**RAW DATA**:
■ ■ ■ ■ ■ ■ ■
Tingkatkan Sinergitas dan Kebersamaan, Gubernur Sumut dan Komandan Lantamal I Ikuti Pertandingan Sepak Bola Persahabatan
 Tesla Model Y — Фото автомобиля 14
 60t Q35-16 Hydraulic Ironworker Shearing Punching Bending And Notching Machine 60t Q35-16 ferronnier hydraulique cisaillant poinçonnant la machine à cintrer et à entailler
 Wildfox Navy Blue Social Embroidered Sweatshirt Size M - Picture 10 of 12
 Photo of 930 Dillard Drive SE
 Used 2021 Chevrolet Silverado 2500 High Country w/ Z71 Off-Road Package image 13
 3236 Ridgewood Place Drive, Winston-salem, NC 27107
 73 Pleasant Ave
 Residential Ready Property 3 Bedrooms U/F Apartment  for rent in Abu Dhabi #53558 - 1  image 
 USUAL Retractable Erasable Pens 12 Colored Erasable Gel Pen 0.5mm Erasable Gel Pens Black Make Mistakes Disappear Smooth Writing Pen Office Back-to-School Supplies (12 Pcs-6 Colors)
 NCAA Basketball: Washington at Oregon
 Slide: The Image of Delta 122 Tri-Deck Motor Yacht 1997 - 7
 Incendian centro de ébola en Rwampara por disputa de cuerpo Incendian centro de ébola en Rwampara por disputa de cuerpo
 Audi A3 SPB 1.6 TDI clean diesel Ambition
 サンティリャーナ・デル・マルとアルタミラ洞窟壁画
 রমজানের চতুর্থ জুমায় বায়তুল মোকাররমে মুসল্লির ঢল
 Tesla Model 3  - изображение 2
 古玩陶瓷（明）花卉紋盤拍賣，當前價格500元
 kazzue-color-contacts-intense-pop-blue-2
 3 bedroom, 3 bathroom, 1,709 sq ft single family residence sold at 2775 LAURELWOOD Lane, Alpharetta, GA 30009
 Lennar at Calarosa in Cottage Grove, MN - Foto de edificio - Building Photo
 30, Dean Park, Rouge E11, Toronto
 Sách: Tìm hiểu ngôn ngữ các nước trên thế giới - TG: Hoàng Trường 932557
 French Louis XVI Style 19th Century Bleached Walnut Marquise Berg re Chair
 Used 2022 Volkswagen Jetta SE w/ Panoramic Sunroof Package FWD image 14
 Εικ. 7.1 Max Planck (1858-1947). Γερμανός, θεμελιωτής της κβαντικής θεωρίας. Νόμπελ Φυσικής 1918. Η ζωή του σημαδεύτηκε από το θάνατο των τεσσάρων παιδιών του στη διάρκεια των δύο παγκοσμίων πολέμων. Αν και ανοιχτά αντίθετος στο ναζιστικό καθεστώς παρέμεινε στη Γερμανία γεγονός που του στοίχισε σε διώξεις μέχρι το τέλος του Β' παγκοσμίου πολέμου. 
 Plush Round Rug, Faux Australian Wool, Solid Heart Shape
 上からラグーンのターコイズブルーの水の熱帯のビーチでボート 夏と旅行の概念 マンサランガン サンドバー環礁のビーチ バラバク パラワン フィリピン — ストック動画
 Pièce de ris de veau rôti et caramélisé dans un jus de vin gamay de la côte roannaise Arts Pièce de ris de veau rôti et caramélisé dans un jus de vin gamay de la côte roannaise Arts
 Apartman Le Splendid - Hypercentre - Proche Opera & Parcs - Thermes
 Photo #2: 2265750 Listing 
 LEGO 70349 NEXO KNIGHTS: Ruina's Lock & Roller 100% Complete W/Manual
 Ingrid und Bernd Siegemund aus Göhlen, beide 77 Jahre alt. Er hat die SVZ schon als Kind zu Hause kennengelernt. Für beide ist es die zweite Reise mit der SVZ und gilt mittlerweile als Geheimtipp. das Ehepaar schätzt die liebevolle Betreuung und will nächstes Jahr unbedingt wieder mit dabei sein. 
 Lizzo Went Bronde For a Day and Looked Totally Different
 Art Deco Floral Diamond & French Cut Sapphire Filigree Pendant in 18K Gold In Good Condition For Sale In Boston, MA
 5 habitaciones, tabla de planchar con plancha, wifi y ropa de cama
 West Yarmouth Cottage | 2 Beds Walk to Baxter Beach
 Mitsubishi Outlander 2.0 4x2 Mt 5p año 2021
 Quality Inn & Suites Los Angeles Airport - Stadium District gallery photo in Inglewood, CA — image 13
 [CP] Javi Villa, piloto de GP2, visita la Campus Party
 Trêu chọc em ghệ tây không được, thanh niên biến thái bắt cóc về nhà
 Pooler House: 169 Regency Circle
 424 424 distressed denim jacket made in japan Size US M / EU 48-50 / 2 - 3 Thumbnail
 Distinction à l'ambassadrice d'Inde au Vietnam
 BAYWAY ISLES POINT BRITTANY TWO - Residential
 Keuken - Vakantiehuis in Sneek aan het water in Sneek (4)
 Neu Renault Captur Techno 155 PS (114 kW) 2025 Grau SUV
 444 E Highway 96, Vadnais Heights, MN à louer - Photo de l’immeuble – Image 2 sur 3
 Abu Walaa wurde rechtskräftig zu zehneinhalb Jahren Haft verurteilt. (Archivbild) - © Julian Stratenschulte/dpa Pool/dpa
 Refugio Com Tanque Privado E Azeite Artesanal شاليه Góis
■ ■ ■ ■ ■ ■ ■
Above is a listing; print exactly its lines from the one with "Used 2021 Chevrolet" through the one with "Sách: Tìm hiểu", and no other lines.

**TASK SOLUTION**:
 Used 2021 Chevrolet Silverado 2500 High Country w/ Z71 Off-Road Package image 13
 3236 Ridgewood Place Drive, Winston-salem, NC 27107
 73 Pleasant Ave
 Residential Ready Property 3 Bedrooms U/F Apartment  for rent in Abu Dhabi #53558 - 1  image 
 USUAL Retractable Erasable Pens 12 Colored Erasable Gel Pen 0.5mm Erasable Gel Pens Black Make Mistakes Disappear Smooth Writing Pen Office Back-to-School Supplies (12 Pcs-6 Colors)
 NCAA Basketball: Washington at Oregon
 Slide: The Image of Delta 122 Tri-Deck Motor Yacht 1997 - 7
 Incendian centro de ébola en Rwampara por disputa de cuerpo Incendian centro de ébola en Rwampara por disputa de cuerpo
 Audi A3 SPB 1.6 TDI clean diesel Ambition
 サンティリャーナ・デル・マルとアルタミラ洞窟壁画
 রমজানের চতুর্থ জুমায় বায়তুল মোকাররমে মুসল্লির ঢল
 Tesla Model 3  - изображение 2
 古玩陶瓷（明）花卉紋盤拍賣，當前價格500元
 kazzue-color-contacts-intense-pop-blue-2
 3 bedroom, 3 bathroom, 1,709 sq ft single family residence sold at 2775 LAURELWOOD Lane, Alpharetta, GA 30009
 Lennar at Calarosa in Cottage Grove, MN - Foto de edificio - Building Photo
 30, Dean Park, Rouge E11, Toronto
 Sách: Tìm hiểu ngôn ngữ các nước trên thế giới - TG: Hoàng Trường 932557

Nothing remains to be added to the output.